There's actually some negative physical tension that you feel any time you
recognize two inconsistent thoughts or realize that you've done something through
your behavior that contradicts your true attitudes and beliefs. And so lots of
studies have shown that this is the case
by hooking up different sensors to people, or tricking them into
thinking that some pill makes them feel uncomfortable when in fact, just their
inconsistent thoughts is what's doing it. All of this research you can find more
about in my blog post on this topic, but suffice it to say that for the most part,
when you feel
cognitive dissonance, you're feeling actual physical discomfort -- you're
feeling inner discomfort as well.
And anytime we feel bad, we want to feel better! And to feel better, we just find a
way to be consistent again. That's the driving force behind cognitive
dissonance.
It's worth pointing out that there are a couple times when dissonance is
especially likely to motivate this action to resolve the inconsistency.

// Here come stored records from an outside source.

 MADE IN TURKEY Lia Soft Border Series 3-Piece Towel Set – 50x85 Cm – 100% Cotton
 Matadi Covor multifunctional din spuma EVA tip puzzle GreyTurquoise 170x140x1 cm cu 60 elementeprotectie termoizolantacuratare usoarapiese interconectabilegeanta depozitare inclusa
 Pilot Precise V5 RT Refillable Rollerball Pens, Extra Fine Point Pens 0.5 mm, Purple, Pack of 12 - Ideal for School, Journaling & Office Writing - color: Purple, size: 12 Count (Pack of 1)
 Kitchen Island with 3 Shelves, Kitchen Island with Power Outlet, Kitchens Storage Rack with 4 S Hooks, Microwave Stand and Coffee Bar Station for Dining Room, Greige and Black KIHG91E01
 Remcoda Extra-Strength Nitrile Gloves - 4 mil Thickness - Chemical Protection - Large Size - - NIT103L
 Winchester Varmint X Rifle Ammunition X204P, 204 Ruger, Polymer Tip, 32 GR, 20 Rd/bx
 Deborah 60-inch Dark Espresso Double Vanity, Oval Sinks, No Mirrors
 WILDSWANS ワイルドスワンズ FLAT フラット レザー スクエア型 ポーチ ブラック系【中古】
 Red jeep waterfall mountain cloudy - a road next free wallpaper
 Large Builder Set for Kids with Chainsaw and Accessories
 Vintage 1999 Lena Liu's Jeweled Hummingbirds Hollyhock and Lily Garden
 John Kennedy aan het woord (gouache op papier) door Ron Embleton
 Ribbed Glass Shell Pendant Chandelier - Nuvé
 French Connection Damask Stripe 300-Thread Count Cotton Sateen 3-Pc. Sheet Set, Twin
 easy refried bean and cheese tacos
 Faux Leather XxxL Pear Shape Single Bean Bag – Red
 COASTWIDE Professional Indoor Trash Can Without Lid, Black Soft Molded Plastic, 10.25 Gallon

One of them is the perception that you had some choice over the inconsistency.
So, sometimes in cognitive dissonance studies, what they'll have people do is
agree to write some essay arguing against their own beliefs.
So, if you don't believe that your school should raise tuition, if you agree to
write an article saying that your school should increase tuition, then that would
be a case of dissonance.
However, it would only make you feel that dissonance and that motivation to
resolve inconsistency
if you felt like you had a choice over whether or not you wrote that essay. If
you didn't have any choice... if someone literally says, "You have to write an
essay before we can let you leave,
and it has to say 'tuition increase is good,'"
well then, you didn't have any choice over it, and it's not really that big of a
problem.
It's when you realize that you did have a choice and you chose to do the thing
that contradicts your own opinions that you have to then find some comfort
within yourself by resolving an inconsistency. In this case, convincing
yourself that you actually do like tuition increase. The other thing that
has to be there,
according to a bunch of research, is the perception of "aversive consequences."
In other words, you have to think that the inconsistency in your thoughts is
going to play out poorly for some reason in the future.
So, let's say you did write that essay saying tuition increases good.
If you believe that a school administration is going to read that
essay and then say, "Hey, you know, students think this is a good thing to do!",
there is a negative consequence. There is a negative consequence of your
inconsistent actions.
Now you're even more motivated to resolve the inconsistency and figure out
a way to think that tuition increase actually is a good thing to do.
Hopefully this helps clarify what cognitive dissonance is.
Now the next time you're at a party and someone throws around the term
"dissonance" (because you go to some pretty crazy parties),
you'll now be able to nod your head and actually know what they're talking about.